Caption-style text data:
=-=-=-=-=
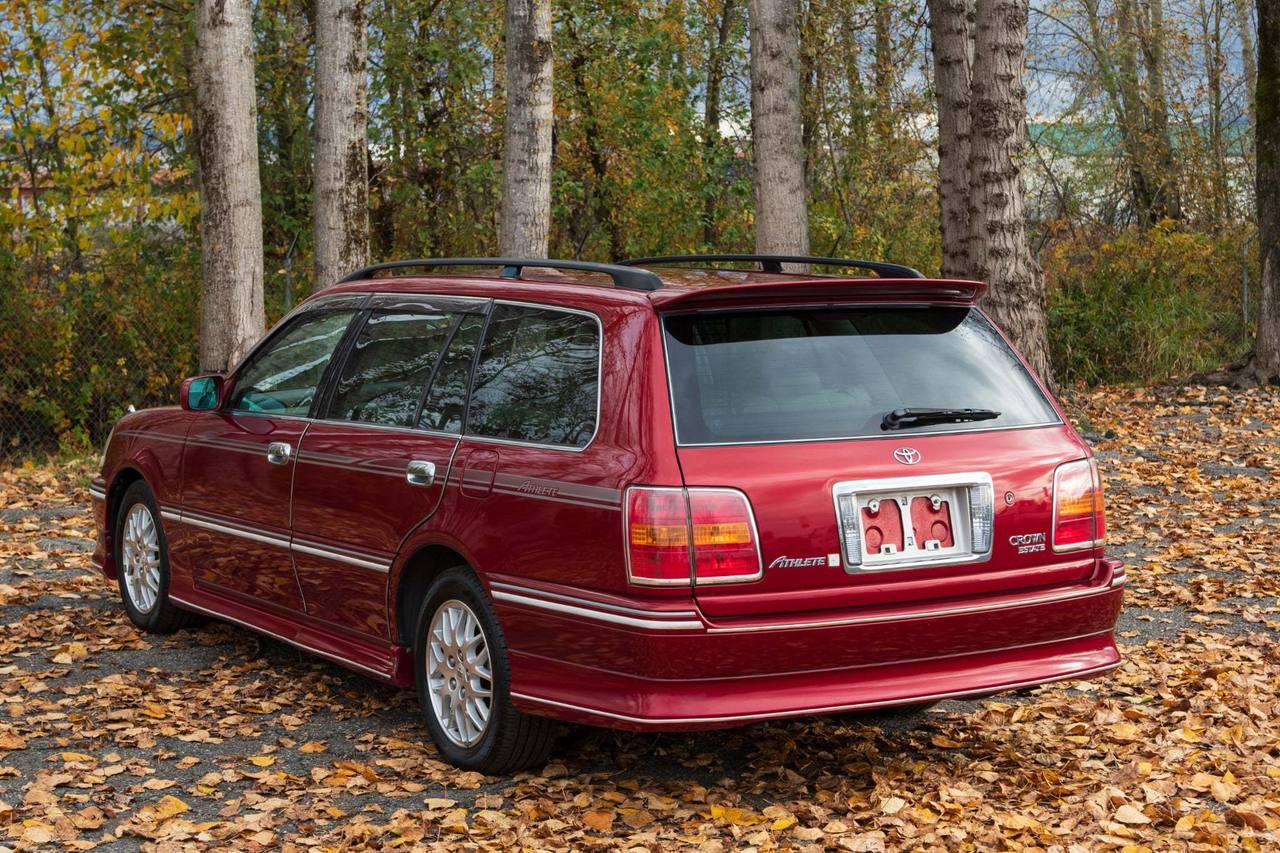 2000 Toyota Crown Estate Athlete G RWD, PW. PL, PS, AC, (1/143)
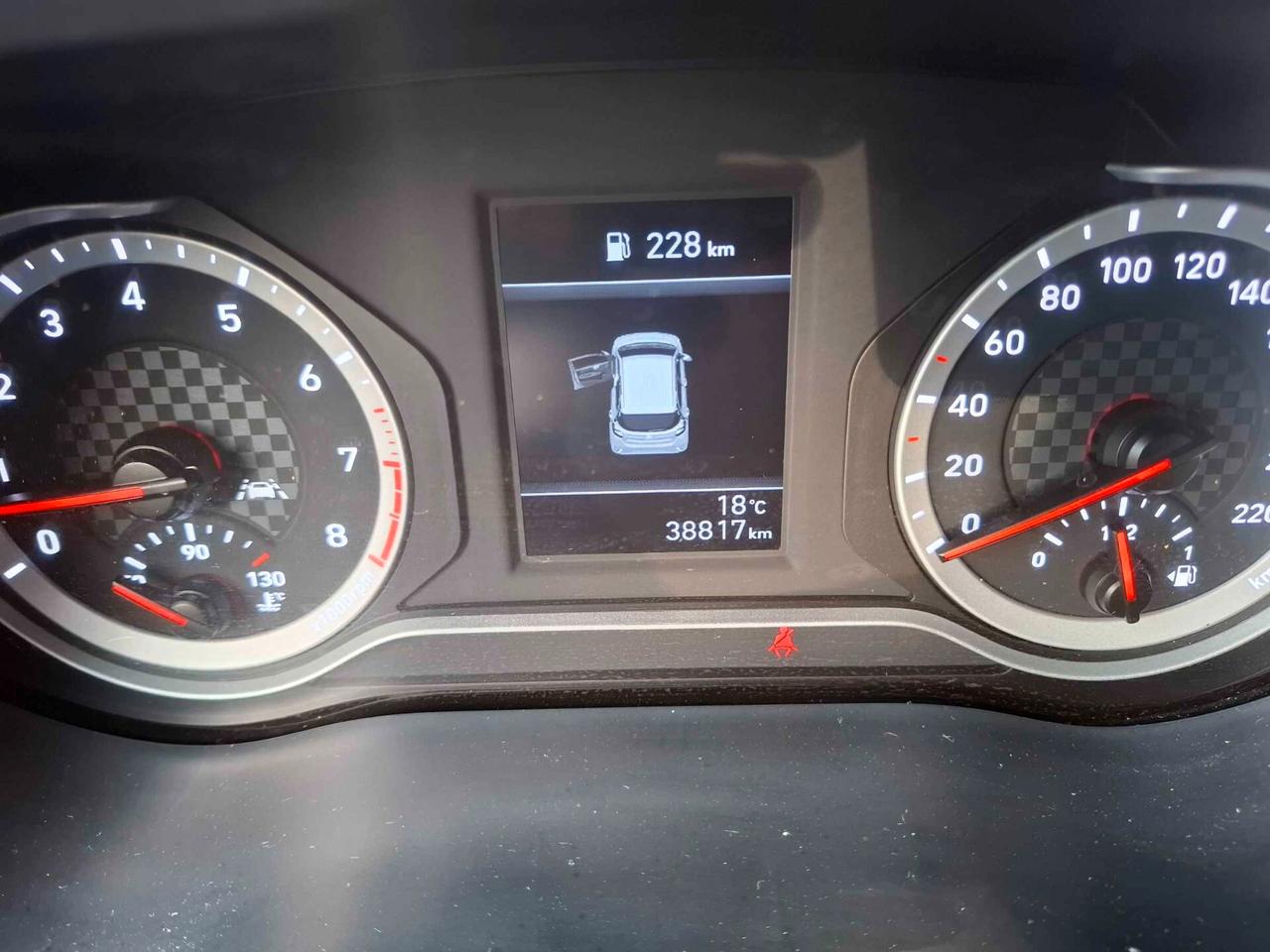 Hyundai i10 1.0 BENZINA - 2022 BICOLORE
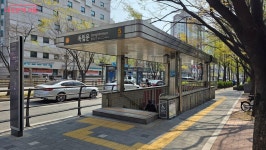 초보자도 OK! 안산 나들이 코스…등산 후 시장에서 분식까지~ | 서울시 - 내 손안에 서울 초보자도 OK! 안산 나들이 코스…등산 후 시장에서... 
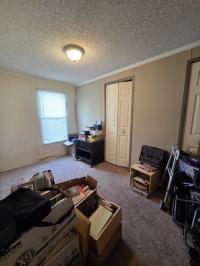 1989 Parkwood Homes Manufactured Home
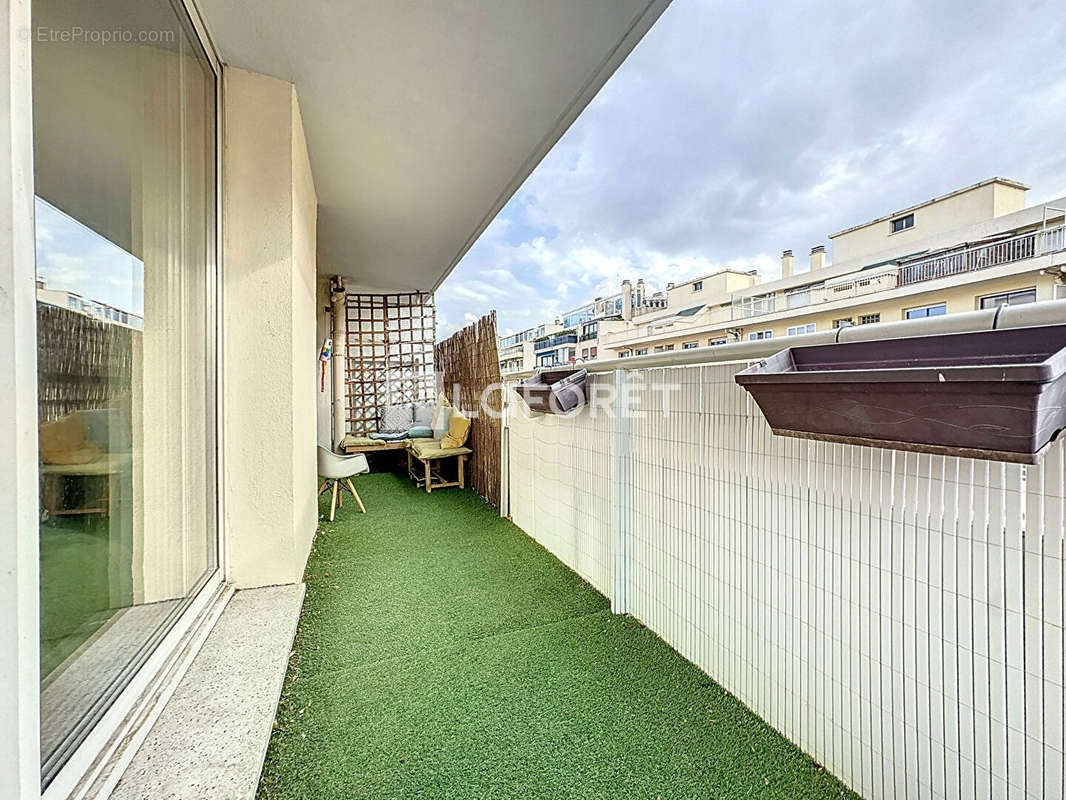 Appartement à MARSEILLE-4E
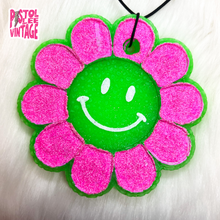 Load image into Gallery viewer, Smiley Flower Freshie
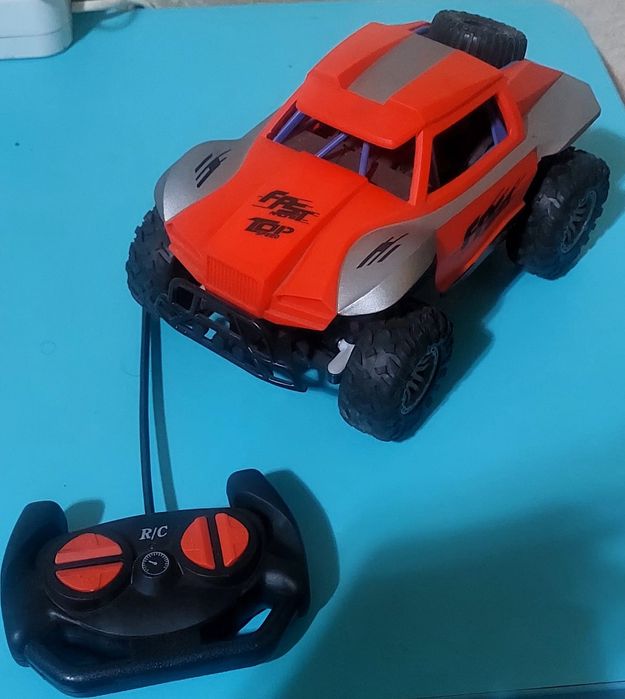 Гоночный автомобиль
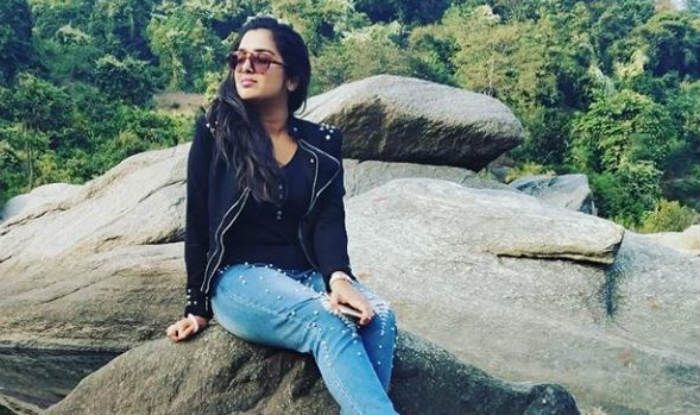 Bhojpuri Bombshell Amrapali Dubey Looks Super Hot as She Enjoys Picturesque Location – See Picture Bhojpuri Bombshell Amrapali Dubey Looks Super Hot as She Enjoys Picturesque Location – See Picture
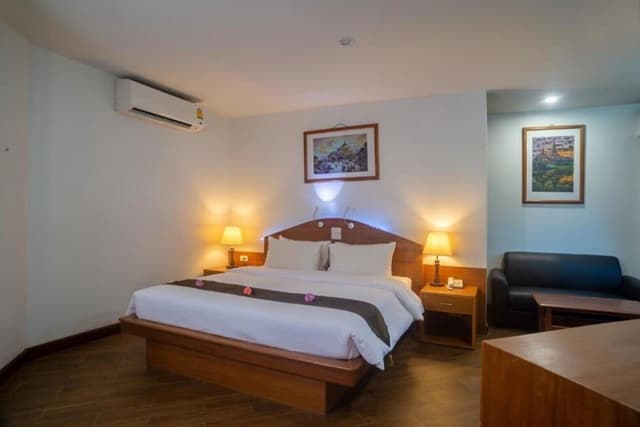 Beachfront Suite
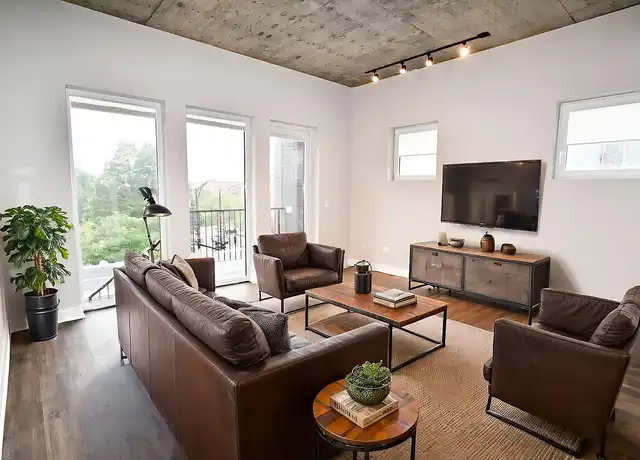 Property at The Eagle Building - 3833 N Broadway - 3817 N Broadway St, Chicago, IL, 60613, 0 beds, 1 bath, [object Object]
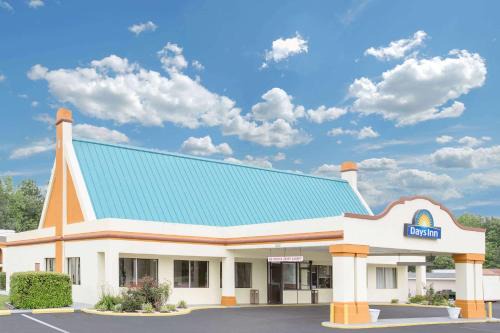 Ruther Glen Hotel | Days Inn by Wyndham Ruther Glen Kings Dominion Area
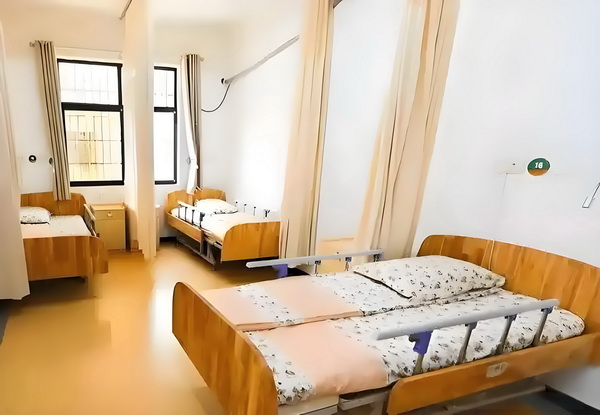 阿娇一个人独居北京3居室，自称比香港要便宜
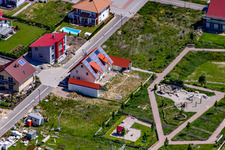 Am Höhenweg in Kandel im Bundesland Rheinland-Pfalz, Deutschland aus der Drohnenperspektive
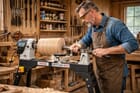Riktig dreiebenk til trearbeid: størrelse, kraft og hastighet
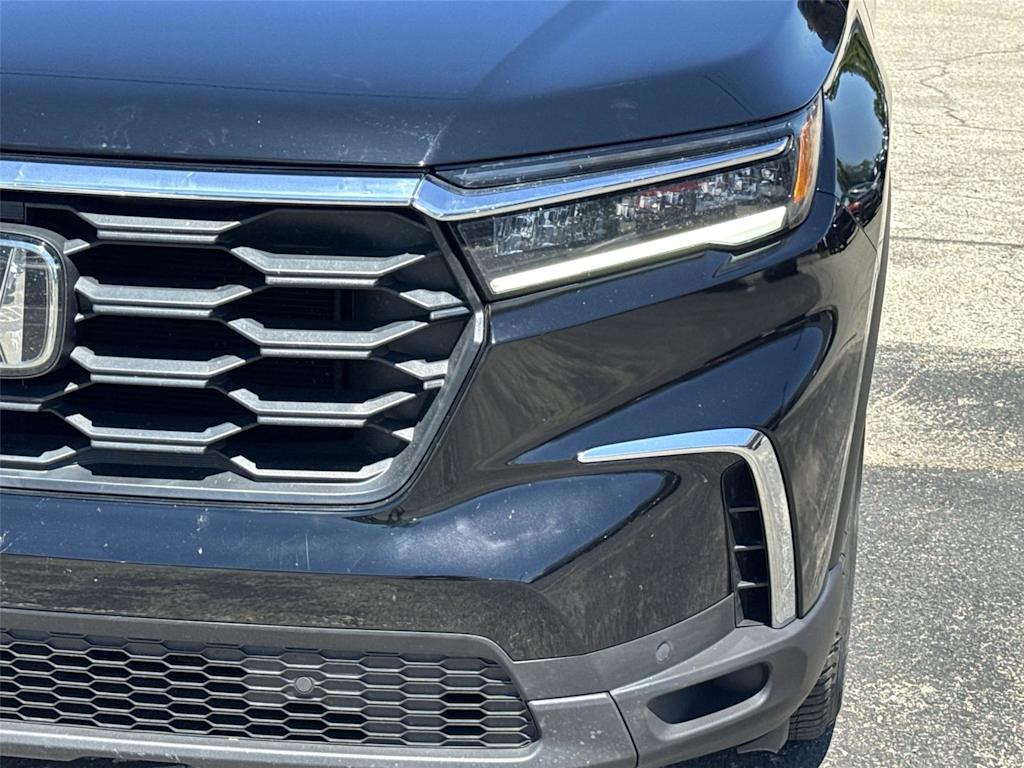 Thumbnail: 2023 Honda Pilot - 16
=-=-=-=-=
▶ [Action item]
Repeat the lines exactly as they stand, from the opening line of the data through the line with "Appartement à MARSEILLE-4E". Pictures stay out of the copy.

▶ [Result]
 2000 Toyota Crown Estate Athlete G RWD, PW. PL, PS, AC, (1/143)
 Hyundai i10 1.0 BENZINA - 2022 BICOLORE
 초보자도 OK! 안산 나들이 코스…등산 후 시장에서 분식까지~ | 서울시 - 내 손안에 서울 초보자도 OK! 안산 나들이 코스…등산 후 시장에서... 
 1989 Parkwood Homes Manufactured Home
 Appartement à MARSEILLE-4E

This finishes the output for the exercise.